I took exception to a few other points made in the Montessori From The STart book, as well. The notion that a child should not be carried much, if at all, once they can walk did not sit well with me, as a mother of 5 high-needs kids. I've had 3 little ones who needed close touch with deep pressure so that they could keep their minds organized enough to not dissolve into tantrums all the time. To deny them a ride in the baby carrier would have been ignoring their needs, and stunting independence. We used our Mei Tai carrier for the first 2 and a half years!
The other point I disagreed with was having the baby sleep in their own room, all alone. All of the benefits of a floor bed can be realized in a FAMILY bed. Putting our mattress on the floor was one of the first things we did as new parents. Some babies simply cannot tolerate solitude, and that is not a flaw in their upbringing. It's a temperment thing - one of those things that makes child-rearing something that is not one-size-fits-all!

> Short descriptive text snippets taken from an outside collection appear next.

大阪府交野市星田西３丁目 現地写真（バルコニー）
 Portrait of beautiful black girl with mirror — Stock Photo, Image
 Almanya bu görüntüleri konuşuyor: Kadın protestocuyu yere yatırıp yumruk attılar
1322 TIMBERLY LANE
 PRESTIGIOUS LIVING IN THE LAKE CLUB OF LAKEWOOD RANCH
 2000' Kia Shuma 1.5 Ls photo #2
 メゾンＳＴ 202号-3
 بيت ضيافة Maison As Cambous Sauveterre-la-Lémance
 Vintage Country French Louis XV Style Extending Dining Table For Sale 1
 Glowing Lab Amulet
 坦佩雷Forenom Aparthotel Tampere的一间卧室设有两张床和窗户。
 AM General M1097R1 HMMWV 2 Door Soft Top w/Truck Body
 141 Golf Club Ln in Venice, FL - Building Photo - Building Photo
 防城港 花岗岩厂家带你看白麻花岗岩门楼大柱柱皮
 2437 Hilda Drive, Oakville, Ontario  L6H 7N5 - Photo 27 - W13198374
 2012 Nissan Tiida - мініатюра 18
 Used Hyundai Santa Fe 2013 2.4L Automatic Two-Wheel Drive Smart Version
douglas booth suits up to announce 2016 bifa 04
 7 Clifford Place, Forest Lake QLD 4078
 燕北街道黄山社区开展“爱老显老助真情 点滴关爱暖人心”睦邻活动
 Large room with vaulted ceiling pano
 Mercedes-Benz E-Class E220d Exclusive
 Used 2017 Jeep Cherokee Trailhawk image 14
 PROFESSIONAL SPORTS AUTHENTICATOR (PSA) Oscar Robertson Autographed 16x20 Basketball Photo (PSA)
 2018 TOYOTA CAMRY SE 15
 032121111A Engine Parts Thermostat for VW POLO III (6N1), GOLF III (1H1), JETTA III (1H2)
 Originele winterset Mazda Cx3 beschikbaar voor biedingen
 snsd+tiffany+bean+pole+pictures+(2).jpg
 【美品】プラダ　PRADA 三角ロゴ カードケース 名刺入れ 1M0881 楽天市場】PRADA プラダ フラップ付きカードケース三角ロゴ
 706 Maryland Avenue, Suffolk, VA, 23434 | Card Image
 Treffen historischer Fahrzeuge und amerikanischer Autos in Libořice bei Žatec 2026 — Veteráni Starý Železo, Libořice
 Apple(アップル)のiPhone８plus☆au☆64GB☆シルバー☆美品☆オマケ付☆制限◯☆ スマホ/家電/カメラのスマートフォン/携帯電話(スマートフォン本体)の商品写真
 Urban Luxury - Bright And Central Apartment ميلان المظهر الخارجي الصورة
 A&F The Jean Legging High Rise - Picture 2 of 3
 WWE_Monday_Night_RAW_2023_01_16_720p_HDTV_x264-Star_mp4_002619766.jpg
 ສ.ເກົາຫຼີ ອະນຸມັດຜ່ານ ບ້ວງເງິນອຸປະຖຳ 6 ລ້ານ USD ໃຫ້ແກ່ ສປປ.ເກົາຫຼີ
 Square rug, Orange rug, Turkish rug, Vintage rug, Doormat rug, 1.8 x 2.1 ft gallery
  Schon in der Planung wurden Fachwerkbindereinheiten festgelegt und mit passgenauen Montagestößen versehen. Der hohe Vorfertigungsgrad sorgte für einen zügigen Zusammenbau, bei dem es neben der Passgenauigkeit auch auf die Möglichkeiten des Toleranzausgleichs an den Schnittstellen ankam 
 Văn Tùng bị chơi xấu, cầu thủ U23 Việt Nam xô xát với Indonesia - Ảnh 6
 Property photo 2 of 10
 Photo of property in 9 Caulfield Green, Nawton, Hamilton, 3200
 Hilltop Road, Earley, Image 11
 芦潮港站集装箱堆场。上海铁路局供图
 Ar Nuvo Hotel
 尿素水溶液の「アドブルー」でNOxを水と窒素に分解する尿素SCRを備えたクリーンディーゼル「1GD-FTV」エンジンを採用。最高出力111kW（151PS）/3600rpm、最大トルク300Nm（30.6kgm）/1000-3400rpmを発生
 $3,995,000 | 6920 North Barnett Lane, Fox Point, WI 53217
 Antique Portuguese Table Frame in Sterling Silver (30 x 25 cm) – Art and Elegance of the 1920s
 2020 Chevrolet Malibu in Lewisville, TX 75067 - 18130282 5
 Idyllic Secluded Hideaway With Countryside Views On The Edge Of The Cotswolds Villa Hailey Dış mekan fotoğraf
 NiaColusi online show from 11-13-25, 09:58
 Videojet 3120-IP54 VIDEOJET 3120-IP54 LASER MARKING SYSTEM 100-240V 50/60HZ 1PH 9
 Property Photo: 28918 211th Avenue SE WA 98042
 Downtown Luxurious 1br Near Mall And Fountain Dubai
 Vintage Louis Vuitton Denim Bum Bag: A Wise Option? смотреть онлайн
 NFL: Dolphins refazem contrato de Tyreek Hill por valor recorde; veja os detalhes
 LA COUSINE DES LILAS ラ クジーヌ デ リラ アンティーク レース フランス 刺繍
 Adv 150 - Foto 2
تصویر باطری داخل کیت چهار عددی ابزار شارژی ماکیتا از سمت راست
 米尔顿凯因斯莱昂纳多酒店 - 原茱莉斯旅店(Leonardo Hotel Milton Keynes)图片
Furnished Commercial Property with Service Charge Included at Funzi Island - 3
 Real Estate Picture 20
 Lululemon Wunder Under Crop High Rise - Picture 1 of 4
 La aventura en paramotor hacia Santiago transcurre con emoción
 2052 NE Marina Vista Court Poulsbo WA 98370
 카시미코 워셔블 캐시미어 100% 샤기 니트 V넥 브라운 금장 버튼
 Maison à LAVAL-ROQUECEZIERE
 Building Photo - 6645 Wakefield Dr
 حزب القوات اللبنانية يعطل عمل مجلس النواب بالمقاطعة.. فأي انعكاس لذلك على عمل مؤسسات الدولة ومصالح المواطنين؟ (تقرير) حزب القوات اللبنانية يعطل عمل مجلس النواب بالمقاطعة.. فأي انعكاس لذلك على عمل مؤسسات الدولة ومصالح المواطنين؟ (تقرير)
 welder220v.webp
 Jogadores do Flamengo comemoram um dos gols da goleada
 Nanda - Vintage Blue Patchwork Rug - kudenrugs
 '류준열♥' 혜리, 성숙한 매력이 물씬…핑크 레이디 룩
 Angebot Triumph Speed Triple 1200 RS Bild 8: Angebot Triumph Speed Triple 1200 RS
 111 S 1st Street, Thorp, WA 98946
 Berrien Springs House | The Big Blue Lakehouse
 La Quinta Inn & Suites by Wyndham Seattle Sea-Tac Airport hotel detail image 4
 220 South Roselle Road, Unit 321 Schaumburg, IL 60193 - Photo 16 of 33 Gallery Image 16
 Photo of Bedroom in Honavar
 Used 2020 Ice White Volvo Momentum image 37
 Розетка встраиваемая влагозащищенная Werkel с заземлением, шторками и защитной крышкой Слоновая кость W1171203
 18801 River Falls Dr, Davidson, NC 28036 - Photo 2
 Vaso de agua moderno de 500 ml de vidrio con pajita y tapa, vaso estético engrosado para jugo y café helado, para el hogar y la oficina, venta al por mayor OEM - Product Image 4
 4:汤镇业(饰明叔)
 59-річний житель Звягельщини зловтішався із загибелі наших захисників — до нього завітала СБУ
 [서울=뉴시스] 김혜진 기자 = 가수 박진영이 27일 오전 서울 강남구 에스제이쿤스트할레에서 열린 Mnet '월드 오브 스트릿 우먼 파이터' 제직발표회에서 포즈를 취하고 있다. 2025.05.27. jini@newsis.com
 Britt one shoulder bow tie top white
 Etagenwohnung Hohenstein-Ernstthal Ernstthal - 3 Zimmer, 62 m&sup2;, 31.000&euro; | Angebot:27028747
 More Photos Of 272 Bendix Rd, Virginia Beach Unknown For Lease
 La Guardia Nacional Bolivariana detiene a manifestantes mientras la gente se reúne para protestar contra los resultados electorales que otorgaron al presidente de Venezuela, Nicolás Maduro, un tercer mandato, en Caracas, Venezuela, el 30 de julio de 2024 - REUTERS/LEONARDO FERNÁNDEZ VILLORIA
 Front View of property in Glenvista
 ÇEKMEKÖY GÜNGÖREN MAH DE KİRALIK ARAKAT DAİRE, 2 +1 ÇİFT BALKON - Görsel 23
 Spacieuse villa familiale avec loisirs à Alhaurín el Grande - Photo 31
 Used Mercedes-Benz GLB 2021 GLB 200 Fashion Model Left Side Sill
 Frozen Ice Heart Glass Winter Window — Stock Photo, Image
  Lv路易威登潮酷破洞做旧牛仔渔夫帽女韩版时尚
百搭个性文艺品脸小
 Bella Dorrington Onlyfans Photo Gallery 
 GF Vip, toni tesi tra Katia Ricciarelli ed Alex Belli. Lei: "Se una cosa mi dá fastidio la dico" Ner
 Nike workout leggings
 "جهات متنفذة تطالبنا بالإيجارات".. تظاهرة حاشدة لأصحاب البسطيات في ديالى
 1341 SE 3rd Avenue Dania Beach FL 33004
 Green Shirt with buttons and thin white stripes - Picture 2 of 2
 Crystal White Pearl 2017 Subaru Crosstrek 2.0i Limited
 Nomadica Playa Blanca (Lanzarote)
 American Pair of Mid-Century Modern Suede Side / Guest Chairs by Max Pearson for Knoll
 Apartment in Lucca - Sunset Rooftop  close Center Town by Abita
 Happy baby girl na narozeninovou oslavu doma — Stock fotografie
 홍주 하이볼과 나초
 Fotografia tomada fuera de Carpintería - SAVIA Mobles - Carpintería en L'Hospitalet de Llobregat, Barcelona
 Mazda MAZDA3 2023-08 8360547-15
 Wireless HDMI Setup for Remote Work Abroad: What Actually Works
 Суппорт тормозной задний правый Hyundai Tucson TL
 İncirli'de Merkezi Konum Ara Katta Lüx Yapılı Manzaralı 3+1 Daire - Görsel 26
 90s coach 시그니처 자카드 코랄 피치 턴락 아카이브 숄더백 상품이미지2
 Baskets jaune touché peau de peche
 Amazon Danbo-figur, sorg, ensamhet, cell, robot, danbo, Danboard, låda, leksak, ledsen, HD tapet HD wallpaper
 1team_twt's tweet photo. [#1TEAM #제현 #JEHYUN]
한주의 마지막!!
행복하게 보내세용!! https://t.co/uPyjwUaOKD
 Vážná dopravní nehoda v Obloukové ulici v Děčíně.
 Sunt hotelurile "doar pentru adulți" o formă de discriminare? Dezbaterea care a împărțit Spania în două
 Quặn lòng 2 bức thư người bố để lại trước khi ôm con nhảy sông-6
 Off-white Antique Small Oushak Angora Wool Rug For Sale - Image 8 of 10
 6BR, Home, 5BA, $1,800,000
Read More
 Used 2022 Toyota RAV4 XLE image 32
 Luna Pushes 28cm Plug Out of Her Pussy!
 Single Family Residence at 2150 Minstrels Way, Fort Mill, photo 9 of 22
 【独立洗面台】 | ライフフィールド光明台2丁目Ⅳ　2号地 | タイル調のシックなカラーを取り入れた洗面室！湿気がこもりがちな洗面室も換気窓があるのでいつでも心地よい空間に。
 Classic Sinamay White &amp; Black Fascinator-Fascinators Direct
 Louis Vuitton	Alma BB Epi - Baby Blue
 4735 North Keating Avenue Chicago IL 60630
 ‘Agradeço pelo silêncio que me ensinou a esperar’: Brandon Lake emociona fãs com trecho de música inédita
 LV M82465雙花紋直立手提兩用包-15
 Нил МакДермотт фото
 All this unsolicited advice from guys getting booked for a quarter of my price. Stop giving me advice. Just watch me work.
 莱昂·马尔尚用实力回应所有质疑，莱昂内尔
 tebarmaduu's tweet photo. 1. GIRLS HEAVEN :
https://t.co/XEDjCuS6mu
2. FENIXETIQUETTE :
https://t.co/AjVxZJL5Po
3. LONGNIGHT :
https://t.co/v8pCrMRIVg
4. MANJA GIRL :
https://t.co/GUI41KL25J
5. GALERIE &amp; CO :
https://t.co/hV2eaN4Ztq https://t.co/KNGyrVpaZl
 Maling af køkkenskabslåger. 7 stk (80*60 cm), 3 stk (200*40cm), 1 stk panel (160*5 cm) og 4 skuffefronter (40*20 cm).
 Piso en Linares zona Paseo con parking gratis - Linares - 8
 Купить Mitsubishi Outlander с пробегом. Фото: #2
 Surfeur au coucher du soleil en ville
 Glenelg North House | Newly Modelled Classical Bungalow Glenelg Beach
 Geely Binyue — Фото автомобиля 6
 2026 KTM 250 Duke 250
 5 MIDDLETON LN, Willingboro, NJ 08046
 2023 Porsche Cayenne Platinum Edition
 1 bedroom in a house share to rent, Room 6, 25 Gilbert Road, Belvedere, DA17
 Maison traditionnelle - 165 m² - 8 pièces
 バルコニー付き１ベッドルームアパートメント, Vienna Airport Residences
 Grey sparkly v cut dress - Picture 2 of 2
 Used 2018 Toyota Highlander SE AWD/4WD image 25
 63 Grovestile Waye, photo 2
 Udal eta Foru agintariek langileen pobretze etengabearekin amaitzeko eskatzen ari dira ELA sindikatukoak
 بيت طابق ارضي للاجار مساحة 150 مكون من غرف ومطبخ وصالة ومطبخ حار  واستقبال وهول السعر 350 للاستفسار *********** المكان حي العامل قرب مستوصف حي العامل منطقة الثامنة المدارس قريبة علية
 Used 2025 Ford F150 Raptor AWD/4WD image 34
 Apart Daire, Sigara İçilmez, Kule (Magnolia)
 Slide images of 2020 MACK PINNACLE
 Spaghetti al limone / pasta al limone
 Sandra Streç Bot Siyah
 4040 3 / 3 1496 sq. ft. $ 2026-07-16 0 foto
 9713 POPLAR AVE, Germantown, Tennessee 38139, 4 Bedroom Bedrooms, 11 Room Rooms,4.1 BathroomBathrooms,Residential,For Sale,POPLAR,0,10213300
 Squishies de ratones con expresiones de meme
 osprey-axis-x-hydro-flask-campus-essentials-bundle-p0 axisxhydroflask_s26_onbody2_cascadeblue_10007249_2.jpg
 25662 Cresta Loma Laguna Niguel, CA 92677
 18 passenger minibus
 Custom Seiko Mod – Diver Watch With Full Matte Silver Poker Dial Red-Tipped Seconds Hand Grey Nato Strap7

Oh, and YES, the authors were indeed intending TOTAL weaning beginning at 6 months, to be completely weaned by 9 months. I cannot even imagine.

mwcgirlsrp said...

Meg-
Your blog is amazing and inspirational. As a Montessori trained guide for children 0-3, I want to comment on the weaning issue. Despite what others may think, the idea is to BEGIN weaning around 6 months, when a child is in the sensitive period for it. This does NOT mean the cessation of breastfeeding, only the very gradual introduction over the next 6 months of various solid foods. You can find the complete "ideal" process in Dr. Montanaro's book Understanding the Human Being. Of course, real life rarely runs ideally, but Dr. Montessori's protege in the 0-3 world, Dr. Montanaro, lays out the theory and some great recipes for beginning the weaning process.